What you are asked to do → Look below for the line with "438-SLTHDP016 2 1/2" and the line with "12 fotografías del"; repeat exactly those two lines and all lines between them, but no pictures.

Extracted data →
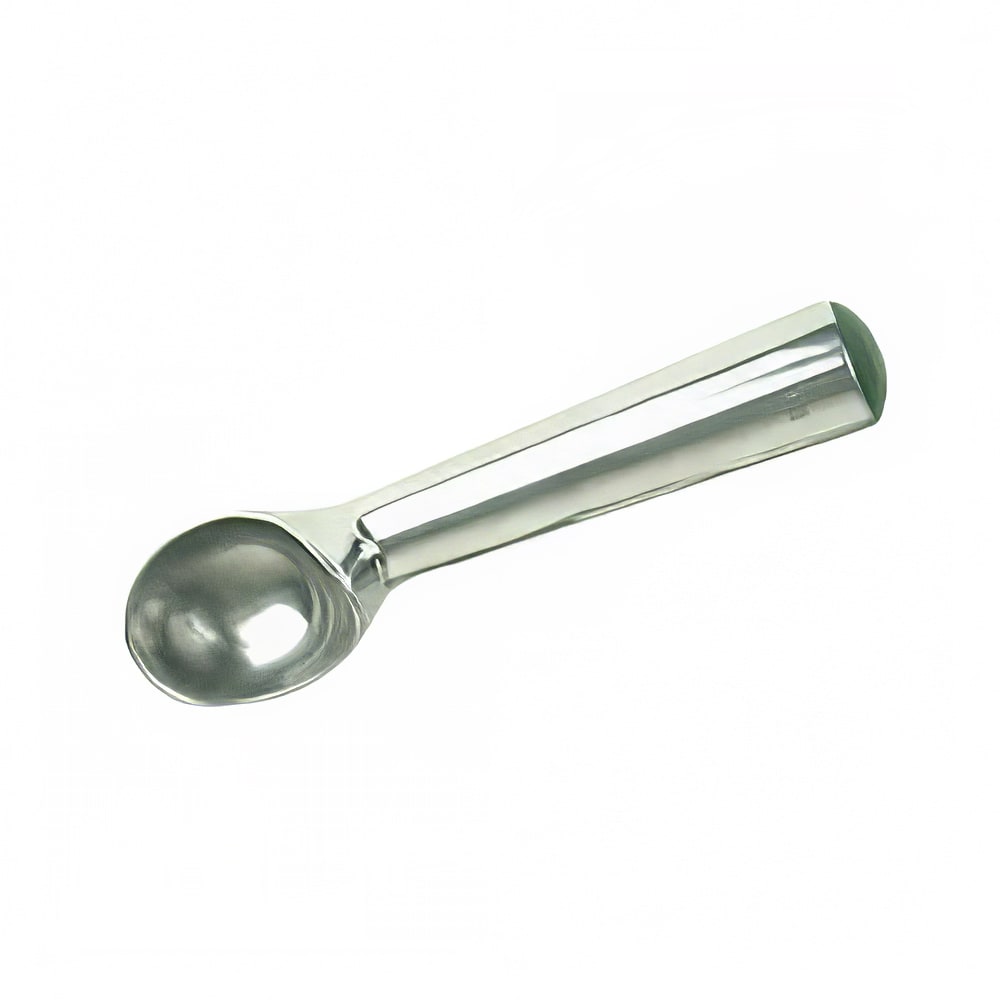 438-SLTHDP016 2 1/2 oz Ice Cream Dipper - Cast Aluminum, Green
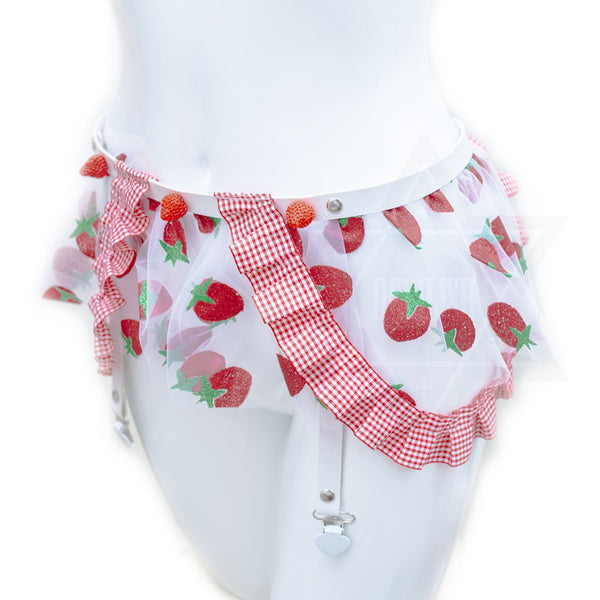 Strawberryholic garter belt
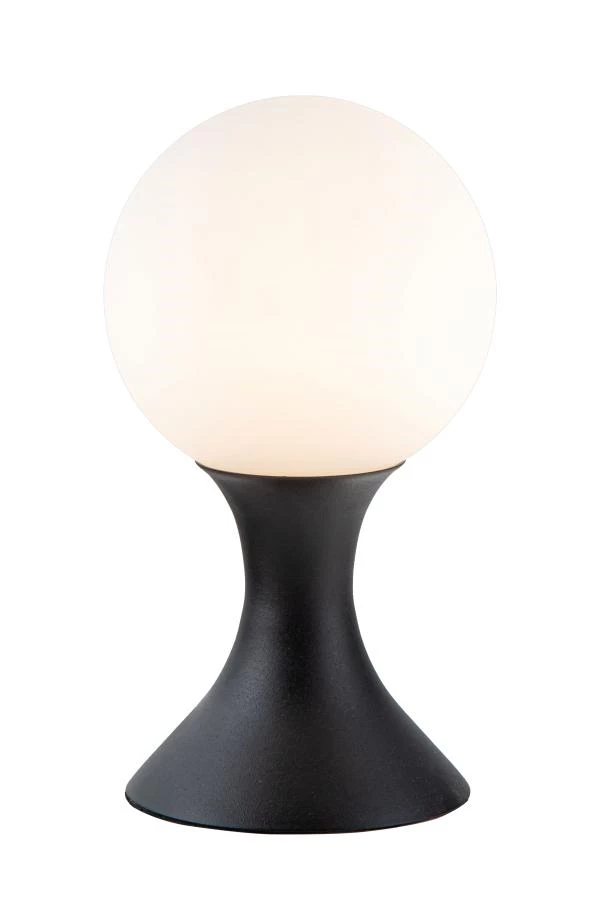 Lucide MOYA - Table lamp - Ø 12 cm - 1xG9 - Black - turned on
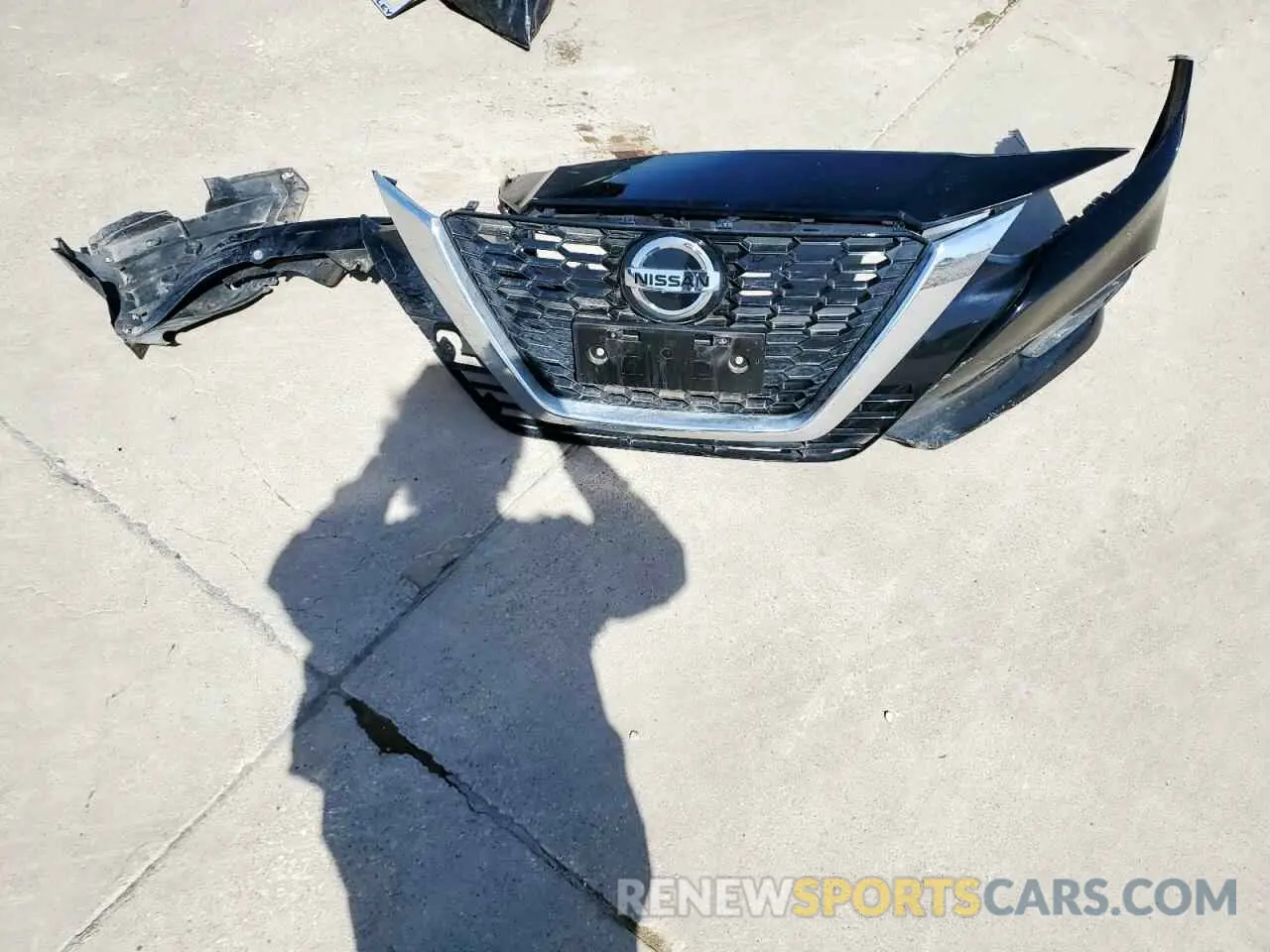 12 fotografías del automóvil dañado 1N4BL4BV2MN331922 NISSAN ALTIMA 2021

--

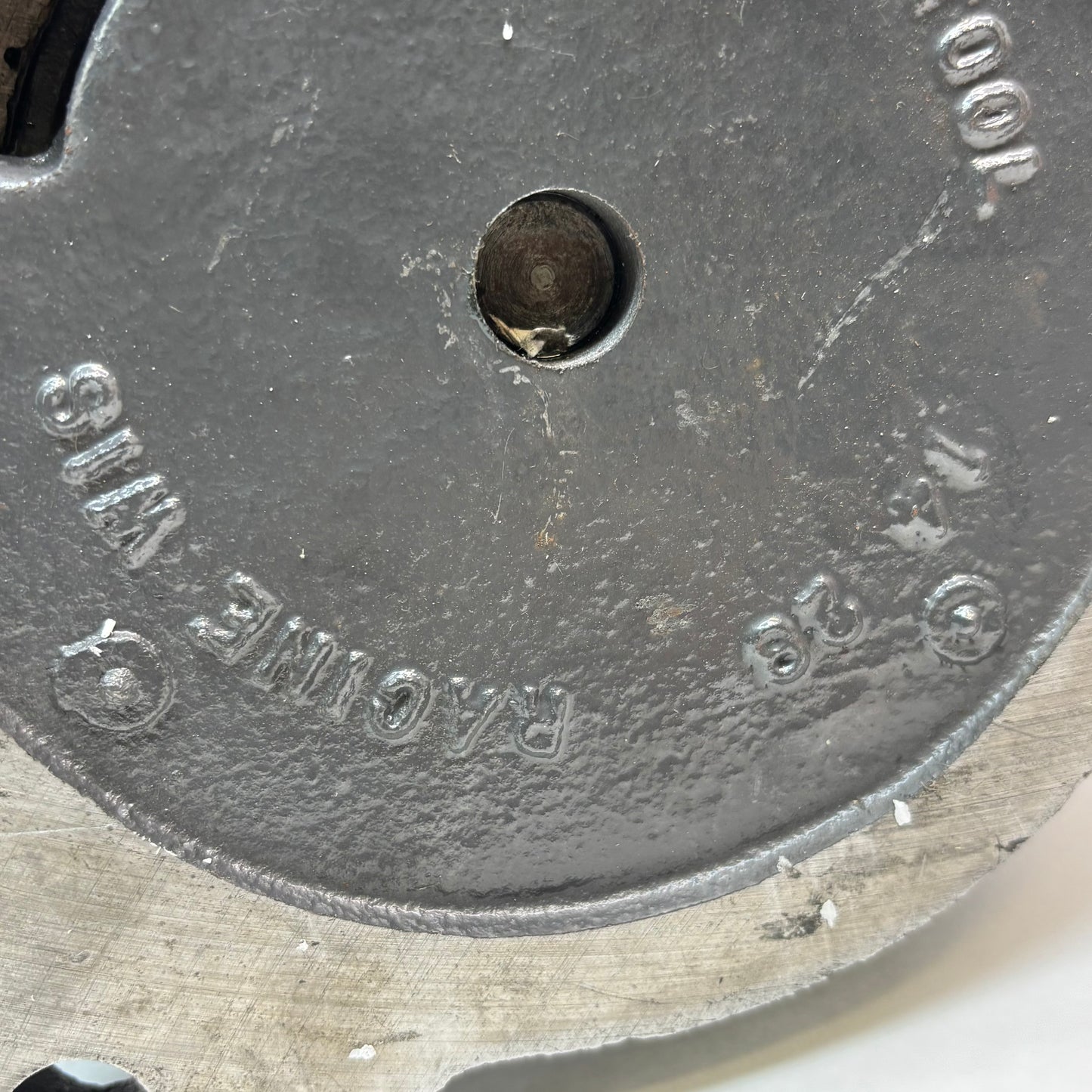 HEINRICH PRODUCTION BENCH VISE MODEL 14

* * *

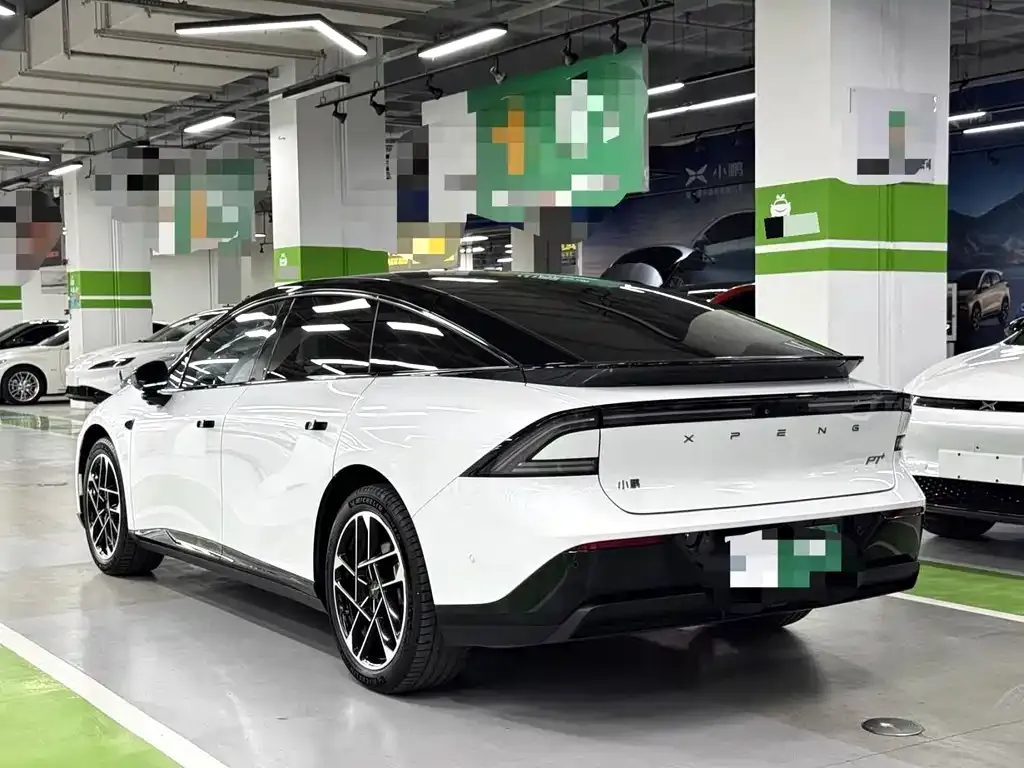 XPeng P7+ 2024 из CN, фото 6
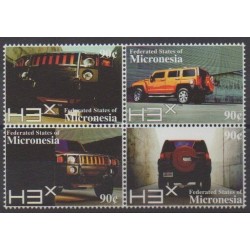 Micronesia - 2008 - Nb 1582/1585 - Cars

Result for this task →
 438-SLTHDP016 2 1/2 oz Ice Cream Dipper - Cast Aluminum, Green
 Strawberryholic garter belt
 Lucide MOYA - Table lamp - Ø 12 cm - 1xG9 - Black - turned on
 12 fotografías del automóvil dañado 1N4BL4BV2MN331922 NISSAN ALTIMA 2021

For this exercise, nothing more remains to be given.